COME EVITARE I VOCUMPRÀ ALL’USCITA DEL SUPERMERCATO?

A voi sembra facile uscire dal supermercato? Se proprio non avete problemi e uscite come vi pare non saprei che dire: si vede che siete fortunati. Io, invece, ogni volta che sto per varcare le porte d’uscita, felice dietro il mio carrello, eccolo là, alto, sorridente, nero, che mi invita a dare il cinque.

“Vuoi grigrì portafortuna?”
“No, grazie ce l’ho già. Me l’hai dato la settimana scorsa. E poi non funziona il grigrì!”

“Tranquillo, amico fratello: io regalo a te! Mi compri un paio di fantasmini poco cari?”
“Ne ho un cassetto pieno di calzini poco cari. Mi dispiace, non mi servono…”

“Mi compri un paio di mutande?”
“Ho due cassetti: uno è pieno di fantasmini poco cari, l’altro di mutande. Mi dispiace ma non mi servono proprio…”

“Occhiali da sole, orologio, accendino, borsetta per tua moglie miss Italia?”
“Dai, non mi serve tutta quella roba là…”

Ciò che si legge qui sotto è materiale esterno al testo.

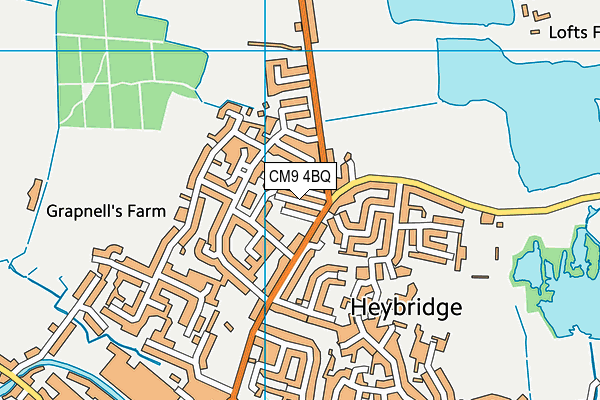 CM9 4BQ map - OS VectorMap District (Ordnance Survey)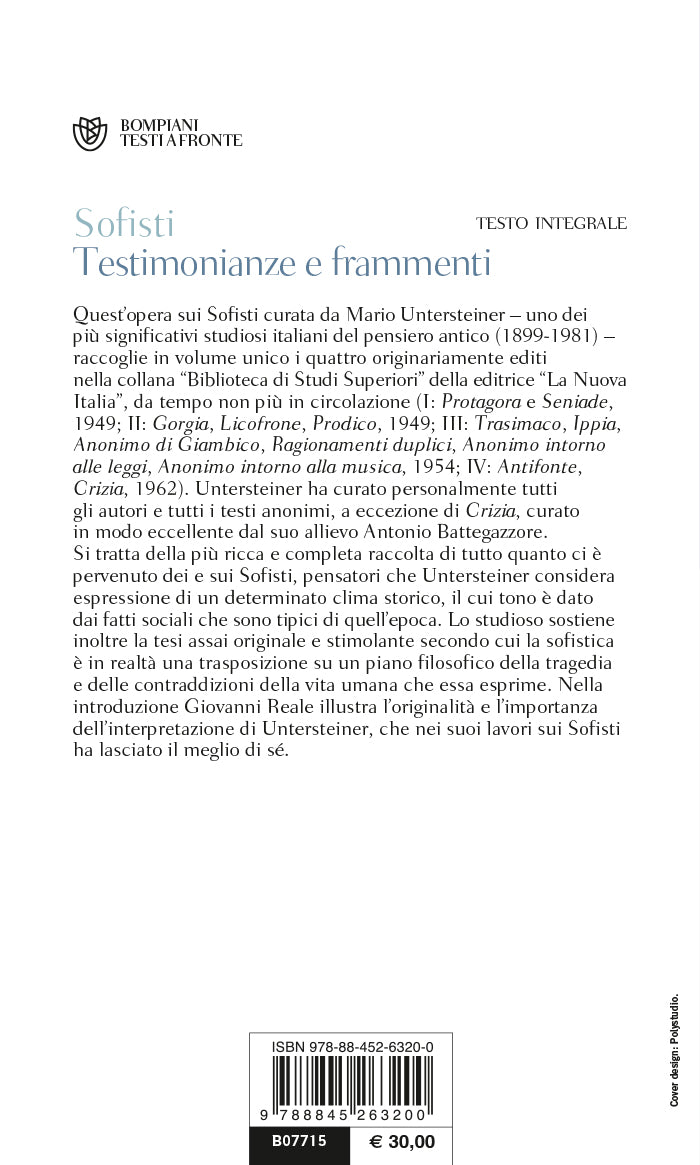 Testimonianze e frammenti. Testo greco a fronte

E allora preferisco evitare. I consigli che troverete qui di seguito sono il frutto di anni e anni di esperienza. Prima di tutto parcheggiare fuori dal parcheggio. Il vocumprà non abbandonerà mai il parcheggio per inseguire un cliente e perdersi gli altri. Secondo: con tutta la famiglia abbassarsi il più possibile e strisciare tra le macchine tipo gli indiani. Questo vale anche se siete bassi di statura. Conosco una famiglia che tra l’uno e l’altro ha un metro e cinquantatré di media. All’inizio la facevano sempre franca, poi, un giorno il venditore ambulante li ha beccati in flagrante. Ora, ogni volta che escono dal supermercato, pagano il dazio. Terzo: camminare veloci, scaricare in fretta la merce in macchina e via di corsa. Quarto: prima di avventurarsi all’esterno del supermercato aspettare che sia impegnato con un altro cliente e via a tradimento verso la vostra macchina, salvi.

Poi quando v’infilate in macchina non badate troppo al vostro cuore. Mordicchia sempre un po’ quando non si aiuta un bisognoso.

1 commento

  1. Quinto (o meglio, primo): dire “non compro un cazzo”. E vi assicuro che funziona.